You had to know Suzanne Goldsmith, one of the driving forces in those early years, to appreciate my first impressions, which largely came from meeting with Suzanne, who had been assigned the task of dealing with the news media as a sort of liaison for the event’s first several years.

I don’t know Suzanne’s politics, but if they weren’t ’60s liberal, then I wouldn’t know what they were. She’s talking river spirits and totem poles and related stuff. I’m thinking, When she gets to Cum ba yah, I’m scatting.

I kid a bit there as a way to get to a bigger point about Riverfest, which is I think it was a forerunner of what is to come in Waynesboro as the River City – I helped popularize the term that some of you hate us in the local media using so much, borrowing it from a long-ago editor at the News Virginian that I didn’t have much use for, other than his repeated references to Waynesboro as “the River City.”

Regular readers know my preaching on the New Green Economy and its relation to Waynesboro, which is really twofold. Riverfest taps into track one, the tourism – the event includes educational shows by our local-based Wildlife Center of Virginia, the Road and River Relay, the Fish ‘N Fun Rodeo and more, attracting locals and tourists alike to our unique downtown river habitat. Track two is an effort that I can’t really call an effort with a straight face because the word effort implies that somebody or somebodies are doing something actively, and I don’t think that’s happening with what I’m getting at here yet, though it soon will be.

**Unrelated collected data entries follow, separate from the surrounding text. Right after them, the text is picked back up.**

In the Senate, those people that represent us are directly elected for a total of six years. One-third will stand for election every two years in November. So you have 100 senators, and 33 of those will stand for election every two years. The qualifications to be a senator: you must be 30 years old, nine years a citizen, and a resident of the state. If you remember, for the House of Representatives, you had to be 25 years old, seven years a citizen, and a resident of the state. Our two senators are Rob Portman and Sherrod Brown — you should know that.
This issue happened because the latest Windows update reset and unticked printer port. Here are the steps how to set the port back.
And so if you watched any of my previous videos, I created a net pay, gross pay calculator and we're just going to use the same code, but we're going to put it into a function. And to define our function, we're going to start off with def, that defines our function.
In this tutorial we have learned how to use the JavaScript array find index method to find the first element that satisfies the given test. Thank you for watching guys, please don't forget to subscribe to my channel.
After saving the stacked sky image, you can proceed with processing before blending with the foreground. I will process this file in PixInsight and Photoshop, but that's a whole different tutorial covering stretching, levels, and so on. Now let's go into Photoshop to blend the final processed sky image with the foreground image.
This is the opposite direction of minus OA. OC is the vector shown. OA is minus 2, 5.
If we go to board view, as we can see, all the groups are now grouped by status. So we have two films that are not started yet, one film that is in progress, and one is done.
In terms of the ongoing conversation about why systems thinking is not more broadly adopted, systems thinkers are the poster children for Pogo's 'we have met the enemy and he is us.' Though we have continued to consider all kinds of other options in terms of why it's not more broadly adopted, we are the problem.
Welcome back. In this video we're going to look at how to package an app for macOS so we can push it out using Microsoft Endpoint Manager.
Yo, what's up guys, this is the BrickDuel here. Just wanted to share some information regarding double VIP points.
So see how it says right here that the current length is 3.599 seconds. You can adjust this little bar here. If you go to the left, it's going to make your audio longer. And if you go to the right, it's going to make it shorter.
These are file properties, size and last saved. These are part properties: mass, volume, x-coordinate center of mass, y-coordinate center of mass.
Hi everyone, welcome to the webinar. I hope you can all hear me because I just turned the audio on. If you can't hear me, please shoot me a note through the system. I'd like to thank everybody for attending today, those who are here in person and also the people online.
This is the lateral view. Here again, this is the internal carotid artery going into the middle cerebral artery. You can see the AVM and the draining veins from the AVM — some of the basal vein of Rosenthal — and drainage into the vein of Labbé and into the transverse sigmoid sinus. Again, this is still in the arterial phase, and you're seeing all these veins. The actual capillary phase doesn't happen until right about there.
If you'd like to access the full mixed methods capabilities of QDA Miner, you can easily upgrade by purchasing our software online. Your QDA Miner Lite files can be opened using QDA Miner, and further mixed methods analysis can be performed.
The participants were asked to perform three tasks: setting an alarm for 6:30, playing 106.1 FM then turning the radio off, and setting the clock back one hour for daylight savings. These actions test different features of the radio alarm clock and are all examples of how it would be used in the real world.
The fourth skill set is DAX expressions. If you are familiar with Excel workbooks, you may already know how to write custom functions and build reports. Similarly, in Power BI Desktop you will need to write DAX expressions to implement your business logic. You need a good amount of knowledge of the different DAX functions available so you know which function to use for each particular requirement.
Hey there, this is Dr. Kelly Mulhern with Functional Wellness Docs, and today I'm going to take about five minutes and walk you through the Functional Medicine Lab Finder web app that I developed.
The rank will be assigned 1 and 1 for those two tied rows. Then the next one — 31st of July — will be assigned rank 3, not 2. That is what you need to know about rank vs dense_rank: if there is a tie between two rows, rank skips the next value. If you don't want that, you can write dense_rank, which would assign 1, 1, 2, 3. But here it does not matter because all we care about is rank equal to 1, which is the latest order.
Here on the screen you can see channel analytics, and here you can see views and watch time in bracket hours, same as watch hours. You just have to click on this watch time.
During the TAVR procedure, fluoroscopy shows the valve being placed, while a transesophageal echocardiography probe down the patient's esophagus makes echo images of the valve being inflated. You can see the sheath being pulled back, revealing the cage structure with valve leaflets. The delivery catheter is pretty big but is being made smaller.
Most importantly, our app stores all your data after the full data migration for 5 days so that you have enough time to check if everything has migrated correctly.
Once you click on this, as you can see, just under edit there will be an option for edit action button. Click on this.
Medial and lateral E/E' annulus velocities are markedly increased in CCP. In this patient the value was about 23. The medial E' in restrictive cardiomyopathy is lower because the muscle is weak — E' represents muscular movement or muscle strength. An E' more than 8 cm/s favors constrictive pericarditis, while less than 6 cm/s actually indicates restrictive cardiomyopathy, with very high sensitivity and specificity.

What I’m jabbering about – the development of a local college, public, private, perhaps elements of both, dedicated to green technology and research. There are efforts already ongoing to try to set up some kind of research educational facility here in Waynesboro that recognize what I’m trying to get at here a bit more broadly. I say I’m thinking more broadly because what I understand is being envisioned with the facility that is in the works is more a collaborative maybe with Virginia Tech or UVa. that would involve a few professors and some grad students using the South River that runs through us for some field research.

What I see, and others are starting to see, is the development of a full-blown science and technology school that includes programs for undergraduate and graduate students interested in careers in environmental science, green technology development, green tourism development and management and related fields.

There is no better backdrop for this kind of a venture than Waynesboro, with the South River running through a downtown district just three or four miles from the Skyline Drive and Shenandoah National Park and Blue Ridge Parkway, with the Wildlife Center of Virginia based here, with a vibrant agricultural industry all around us.

How this relates to Riverfest – Riverfest had to come along to shake the trees, to get us to see what else is out there, to clear the way for the Virginia Fly Fishing Festival and we can hope the new South River Greenway linking downtown to the Drive and the National Park and the Parkway, to get us thinking about preserving what we have, and thinking that there are ways to make a living doing that, too.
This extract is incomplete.